De volgende dag begon mijn vriendin die me tot de Heer leidde, met mij te praten over de doop met de Heilige Geest. Tot de dag ervoor had ik er nog niet eens van gehoord, maar toen ze me vertelde dat ik door de Heer via de Heilige Geest onderwezen zou kunnen worden en een diepere relatie zou kunnen hebben, was ik er klaar voor! Hij had haar laten wachten tot ik er klaar voor was en in staat zou zijn om er informatie over te ontvangen. Hij wachtte tot ik meer kennis van Hem vroeg - Hij forceerde niets.
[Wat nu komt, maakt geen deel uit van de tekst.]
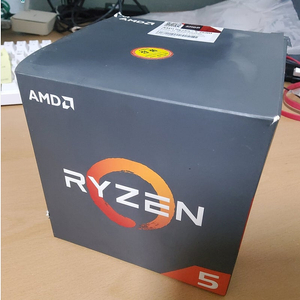 [가격인하 판매/CPU] AMD Ryzen5 2600 / 라이젠5 2600 / 정품 / 6만원 / 배송비 판매자 부담 / 정품 쿨러포함 박스풀셋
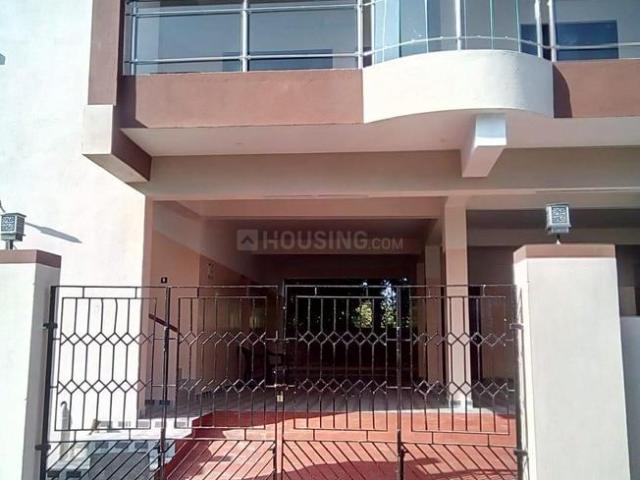 7 BHK Independent House in Uthandi for resale Chennai. The reference number is 21072571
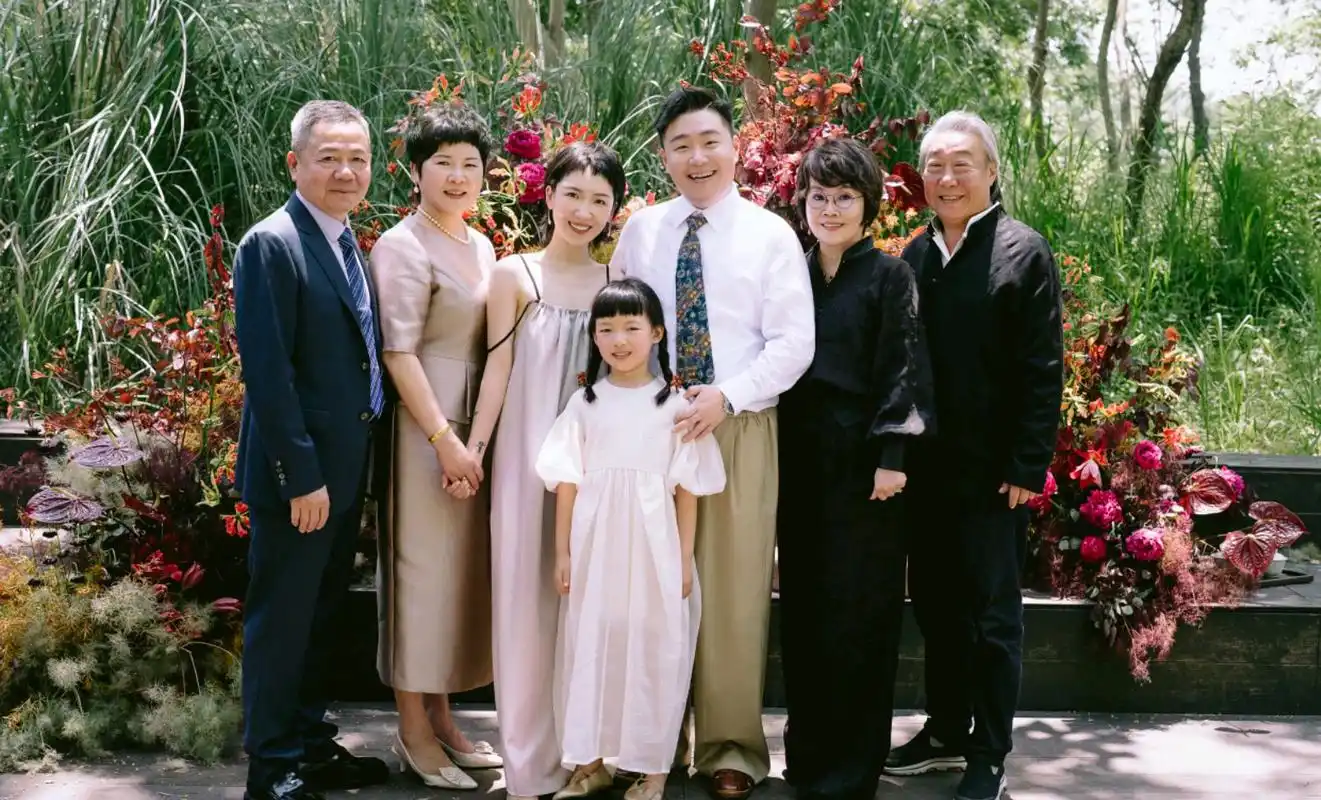 释小龙郝劭文情同手足 为兄弟当伴郎送祝福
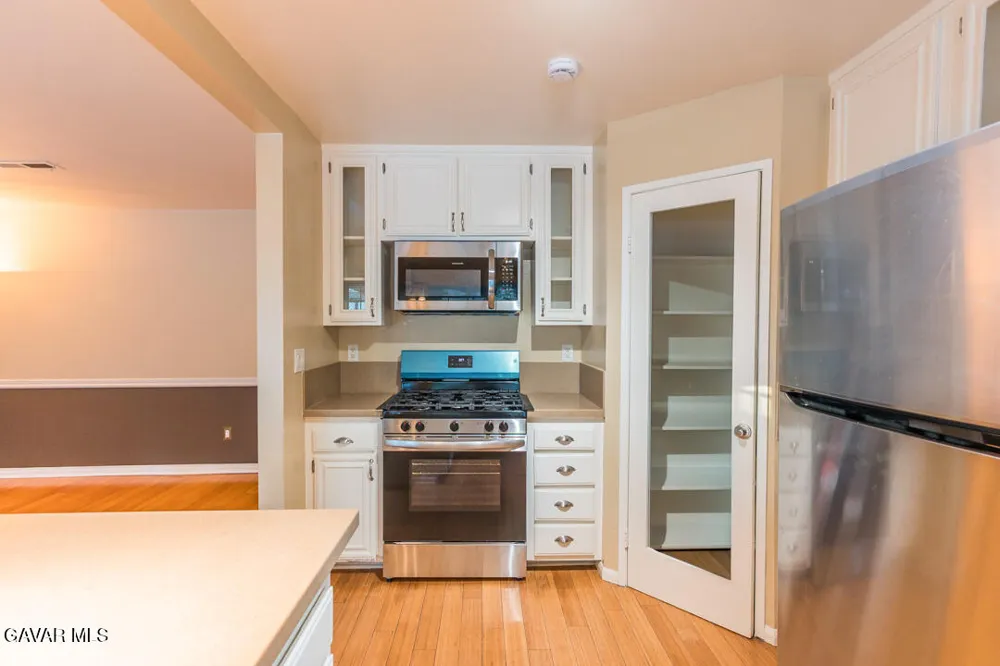 23132 Posada Drive Santa Clarita, CA 91354
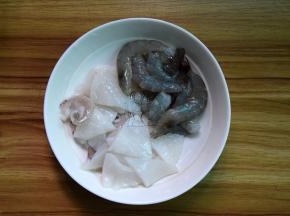 鱿鱼去皮治净切花刀后切小块，鲜虾去壳去虾肠虾线或不去壳随意个人喜欢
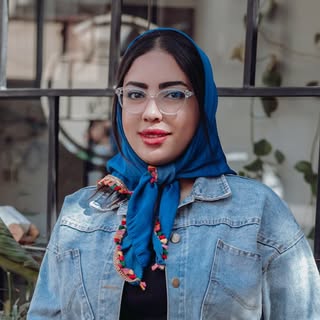 مژده بهادری:کراتین بندرعباس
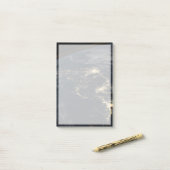 夜の日本の街灯。 ポストイット (デスク上)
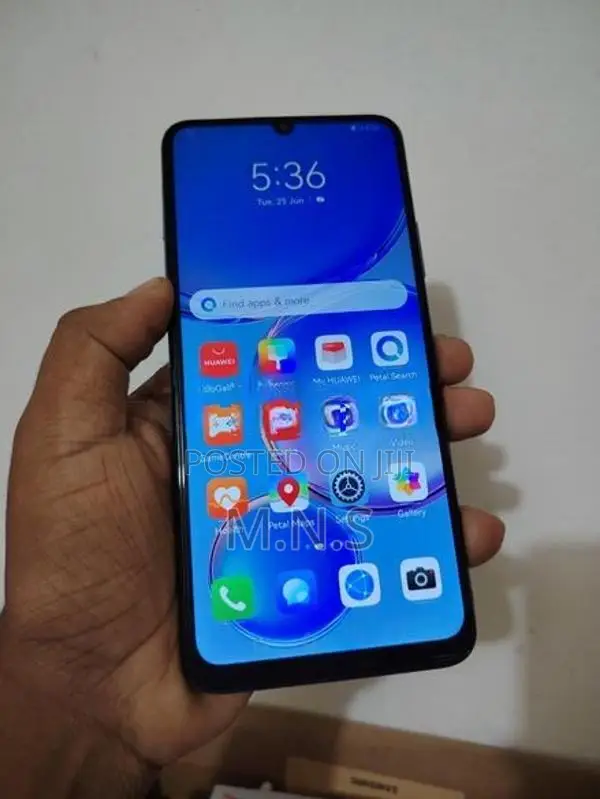 Huawei Nova Y70 4GB 128GB (Used)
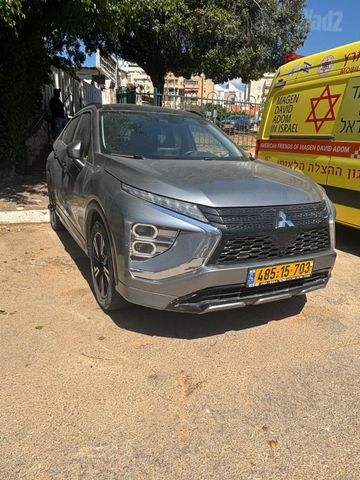 מיצובישי אקליפס קרוס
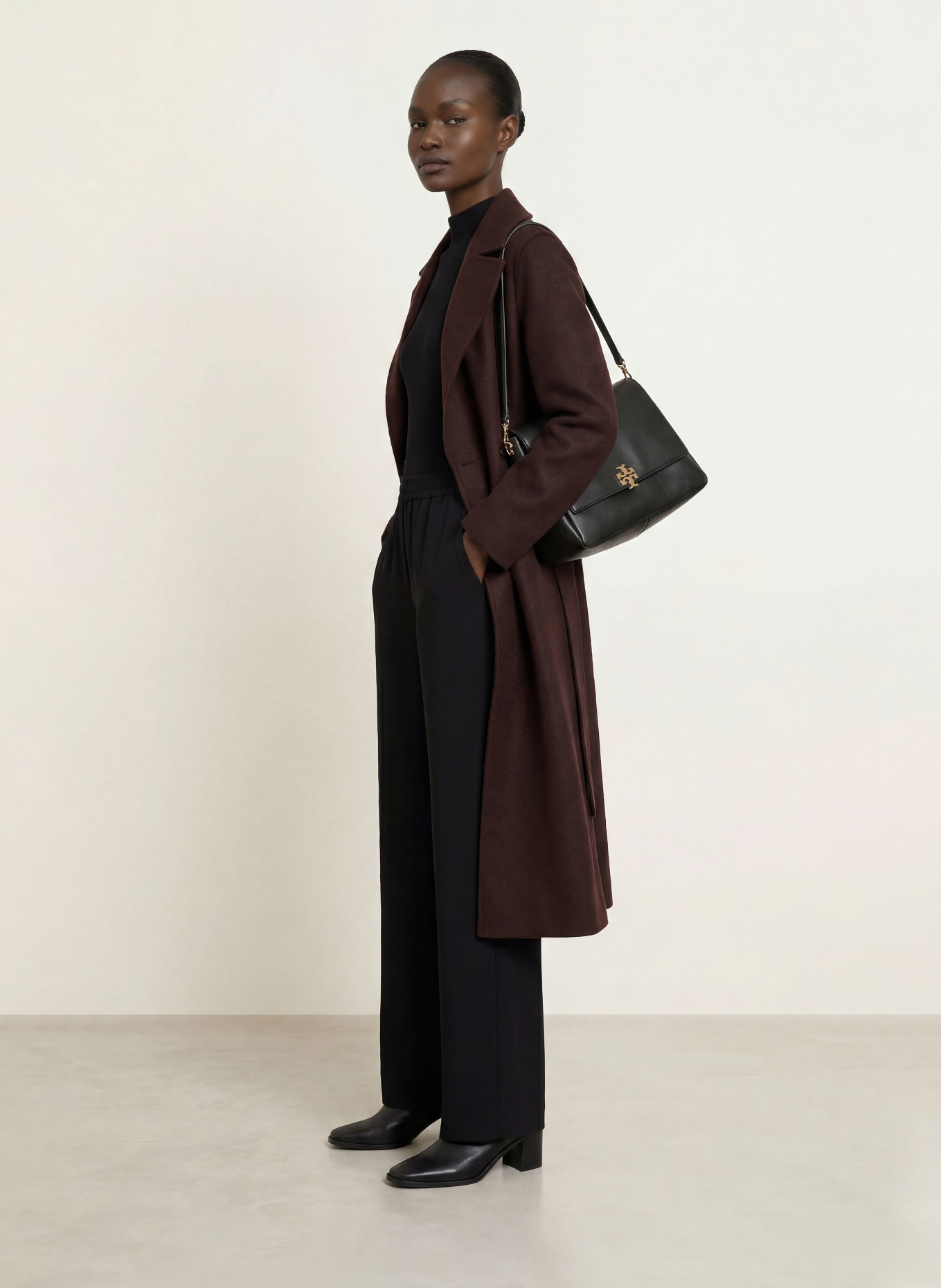 HARRIS WHARF LONDON Wool coat: DARK BROWN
Die nacht leerde de Heer me wat er soms gebeurt als iemand zich niet eerst bekeert voordat men in Hem gaat geloven.
Johannes 3:22-26 vertelt ons dat Johannes de Doper mensen op één plaats doopt....
...en Jezus en Zijn discipelen dopen mensen op een andere plaats. Ons wordt verteld dat sommige discipelen van Johannes zich zorgen maakten omdat Jezus meer mensen trok dan Johannes, en dat is waar Johannes gedeeltelijk reageerde met: "Hij moet toenemen, ik moet afnemen."
Hoofdstuk 4 begint zo: "Dus toen de Heer vernam dat de Farizeeën te horen kregen dat Jezus meer discipelen maakte en doopte dan Johannes (hoewel Jezus zelf niet doopte, maar zijn discipelen), verliet Hij Judea en keerde terug naar Galilea. Nu moest Hij door Samaria heen.
De Heer zei dat Hij wist dat de Farizeeën Hem niet zouden volgen door Samaria, dus gebruikte Hij het als een soort filter, zodat ze gedwongen zouden worden om terug te gaan naar Johannes. Het betekende dat zij moesten terugkeren naar Johannes en zijn doop van bekering. Als Hij het hun had toegestaan, zouden de Farizeeën Jezus gevolgd hebben, zonder dat zij eerst de doop van bekering van Johannes hadden ontvangen.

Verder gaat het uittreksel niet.